I walked to work this morning with my headphones on playing a guided meditation on releasing fear. Listening to the words gently urging me to break down the wall between my fears and my desires brought me a bit of clarity before I reached my desk and started my workday.
There’s nothing exceptional about this exercise. It’s the way I start my morning nearly every workday and I usually reach a high point of inspiration and creativity right up until the moments I begin the rhythms of work. That’s when I find myself getting lost in the mess of it all. This blog, my wellness coaching goals and all the rest remain behind that proverbial wall.
I’ve been in a bit of a fog the past several months. I’ve come back here at various points, celebrating a recent success or riding the wave of a specific emotion or inspired series. Throughout it all, I’ve felt a disconnect between who I was when I started this journey and where I am today.

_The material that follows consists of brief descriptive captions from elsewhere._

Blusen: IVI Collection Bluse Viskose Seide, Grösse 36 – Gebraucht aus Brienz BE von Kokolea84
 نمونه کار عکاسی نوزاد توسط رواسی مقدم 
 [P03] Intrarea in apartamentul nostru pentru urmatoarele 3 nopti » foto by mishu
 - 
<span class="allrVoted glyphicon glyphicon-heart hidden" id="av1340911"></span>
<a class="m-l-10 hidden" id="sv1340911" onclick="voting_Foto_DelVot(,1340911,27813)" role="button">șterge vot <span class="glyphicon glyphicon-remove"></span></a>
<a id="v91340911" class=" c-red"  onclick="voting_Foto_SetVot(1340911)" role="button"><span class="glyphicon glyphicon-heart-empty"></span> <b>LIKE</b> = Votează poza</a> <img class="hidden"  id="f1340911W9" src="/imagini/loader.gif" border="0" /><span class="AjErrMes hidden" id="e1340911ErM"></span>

I recently learned about the Transtheoretical Model of Behavior Change, which is really just a fancy term for how we effect self-change over time. There are five steps to this process: precontemplation, contemplation, preparation, action, and maintenance.
As a wellness coach trainee, I’ll admit that getting clients to the action phase and eventually maintenance is a major goal and ultimately what gravitated me to coaching in the first place. Seeing how people can change over time to build their self-efficacy and motivation towards achieving their vision for healthy living, and being a partner in that journey, is a remarkable experience.

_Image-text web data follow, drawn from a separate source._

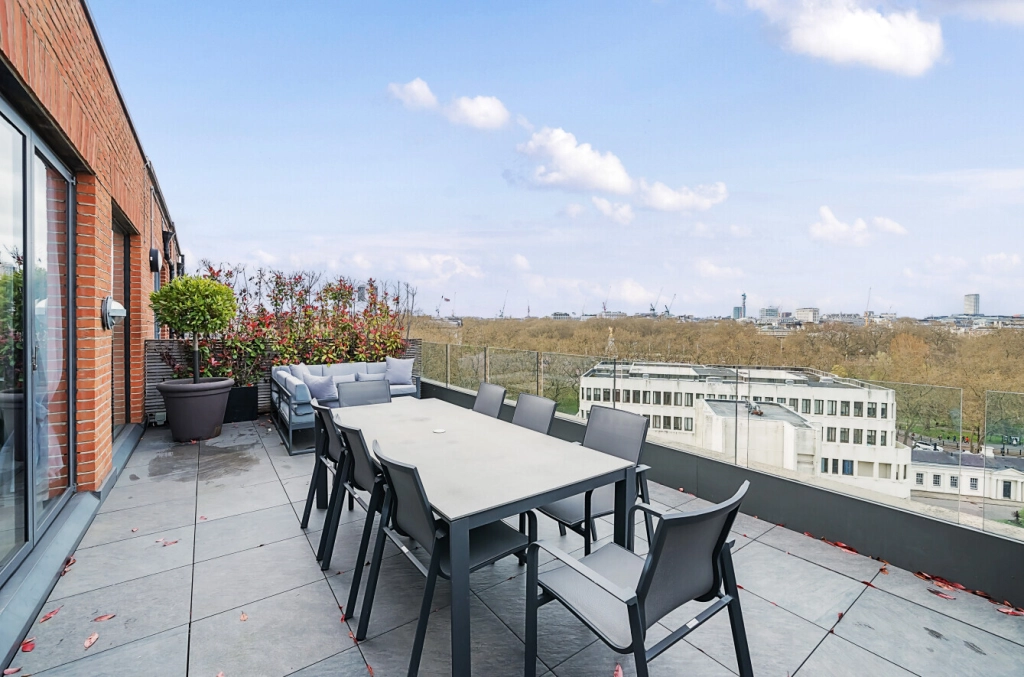 3 bedrooms apartments/flats for sale in Buckingham Gate, Westminster - SW1E view 2
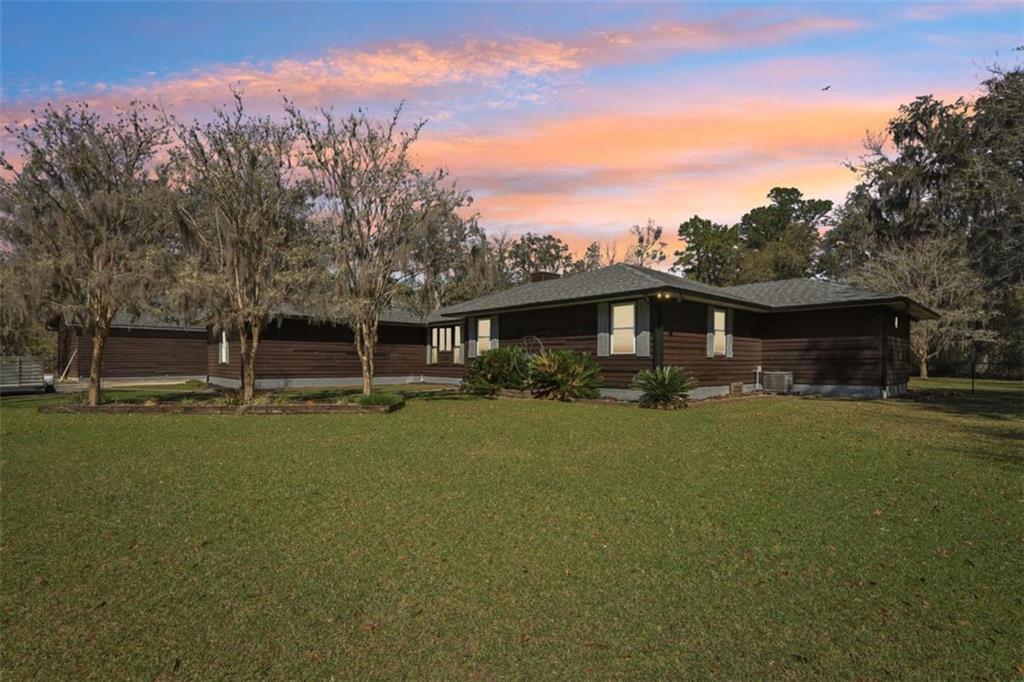 325A White Oak Place, Woodbine, GA 31569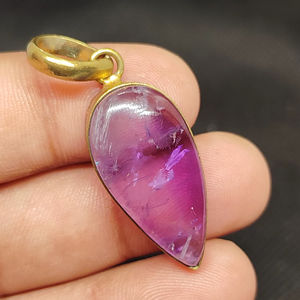 Pendentif en laiton fait main avec pierre précieuse cabochon en améthyste naturelle, pendentif en améthyste bleue - Product Image 1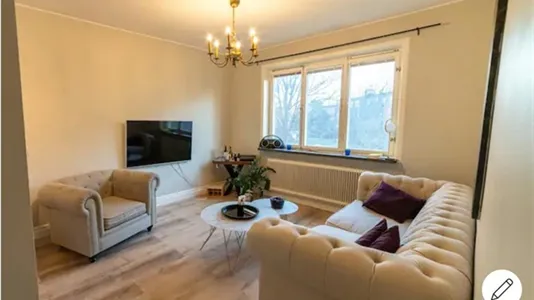 Rooms in Tyresö - photo 1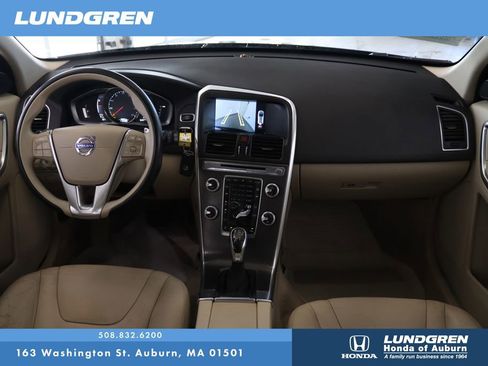 Used 2015 Volvo XC60 T6 w/ Proximity Package image 17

Then I learned that getting clients to go from precontemplation to contemplation will really be the bulk of our coaching work with a small possibility that you can help clients move to preparing for their goals. Furthermore, this would take at least three to six months with careful planning and weekly sessions.
I was crushed. I thought I was going to change lives by getting people to the gym and improving their diets within weeks, maybe a couple of months. The fact that I’d spend most of my time encouraging clients to change their “I can’t” mentality to “Maybe, I can” seemed like such slow work that challenged my patience and admittedly, my selfish need to feel like I’m actually accomplishing something.
It’s no wonder that some of this fog that’s kept me from blogging has also clogged up the works when it comes to my coaching. I’ve lost sight of the bigger picture and I’m not holding myself accountable for the lack of effort I’m putting into the process.
This is starting to sound eerily familiar….
I remember what it was like when I was on the other side of the coin, struggling to lose weight and allowing myself to be discouraged by the lack of results from my yo-yo dieting and exercise habits. I also remember clear as day when my thoughts shifted from “I can’t” to “Maybe, I can”, and how much that impacted my choices from there on out.
If I were to apply the Transtheoretical Model of Behavior Change to myself and how much time it took me to go from phase to the next, it’d look something like this:
- 2 years to go from precontemplation to contemplation
- 1 year to go from contemplation to preparation
- 1 year to go from preparation to action
- And I’m still going from action to maintenance, 2 years after I decided to embrace a healthy and active lifestyle
My own process of behavior change has taken nearly 6 years and it’s ongoing. 6 years.
Ah, okay. See, where I’m going with this?
Part of this fog and disconnect I’m experiencing is a combination of fear and adapting to change. I’m busier now than I’ve been in many years, and this time I’m doing things that I’m actually passionate about, which is both rewarding and terrifying. The key here is acknowledging the change but not allowing that to blind me to my purpose.
I need to put on my big girl pants and start holding myself accountable for the choices I’m making to build my future. And that includes EVERYTHING; career, friendships, blogging, romantic relationships, my healthy lifestyle. All of it matters and all of it relies on my choices.
Another lesson in my wellness coaching is the idea of self-care. As coaches, we need to practice what we preach. Walk the walk and all that.
I truly understand how difficult it is to let go of lifelong habits and reshape your thoughts so that you can make significant changes towards a healthier lifestyle. It’s not easy, and I’d be doing everyone a disservice if I ever said that losing weight and keeping it off was easy. The same goes for life changes too.
I also get that so much of this process is personal and it requires a tremendous amount of dedication and self-awareness. Not to mention accountability. This is the true value of a wellness coach. It was foolish of me to confuse that with the flashier prospect of major weight loss stories.
It’s much easier for me to cut you some of that slack. I’m so much harder on myself. And I can imagine that might be the same for some of you who are experiencing these same challenges.
I brought myself here this morning to do something I never do. I’m cutting myself some slack for getting caught in the fog and allowing myself to amble a bit on the road. I’m telling myself that it’s okay I haven’t been as committed to this blog as I was a year ago.
I’m also saying that as much as I can forgive myself, I can also admit that my desire for change far outweighs the ease of standing still.
Revisit, revise, and reassess. More importantly, let the negative thoughts go and be mindful of the process.
In other words:
Keep it simple, stupid.
Are you experiencing self-doubt on your wellness journeys?
How do you cope with fear?
If you blog, how do you get yourself out of a blogging rut?